Brampton Centennial Secondary School (BCSS) is a public high school located in Brampton, Ontario, Canada and is part of the Peel District School Board. In September 2008, BCSS had 1,775 students.

History
The first secondary school in Brampton opened in 1852 as Brampton High School with three students and its first principal A. Thompson. By 1888 it had an annual budget of $868.25. After a fire, the school building was reconstructed in 1977. Brampton Centennial Secondary School was built in 1967 — the Canadian Centennial year — to replace Brampton High School.

School shooting

On 28 May 1975 Michael Slobodian, a student at the school, brought two rifles to school with the intention of killing two particular teachers and himself. He opened fire, killing one of the teachers and one student, and wounding 13 students before shooting and killing himself.

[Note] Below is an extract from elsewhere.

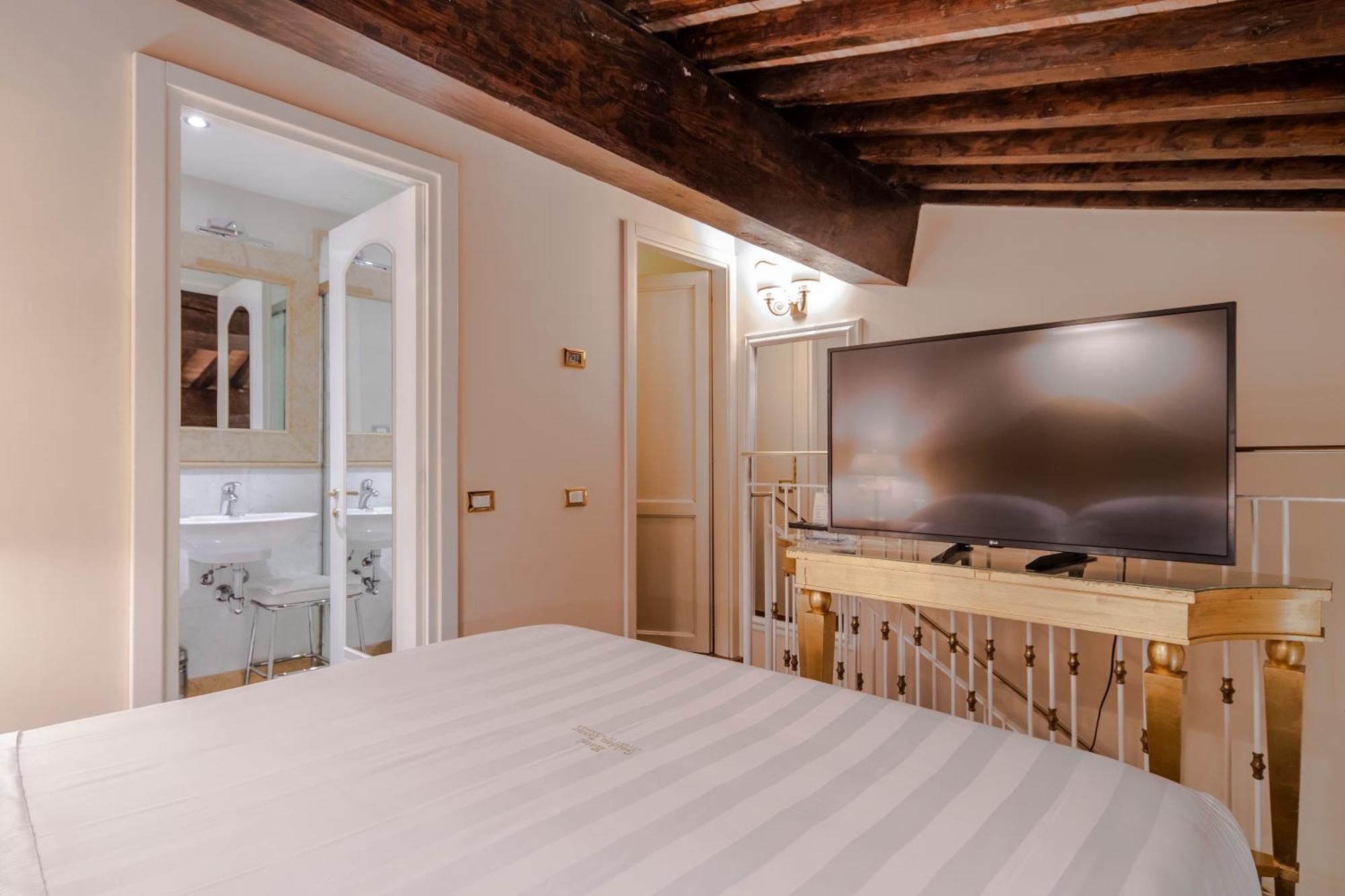 فندق وسبا غولدن تَوَر فلورنس المظهر الخارجي الصورة A room at the hotel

This was only the second school shooting in Canadian history.

Athletics

Brampton Centennial has many athletics programs which are collectively known by students as "Buckland." The schools sports programs include Football, basketball, curling, swimming, track and field, volleyball, wrestling, hockey, baseball, Fast Pitch, cricket, badminton, lacrosse, rugby and soccer.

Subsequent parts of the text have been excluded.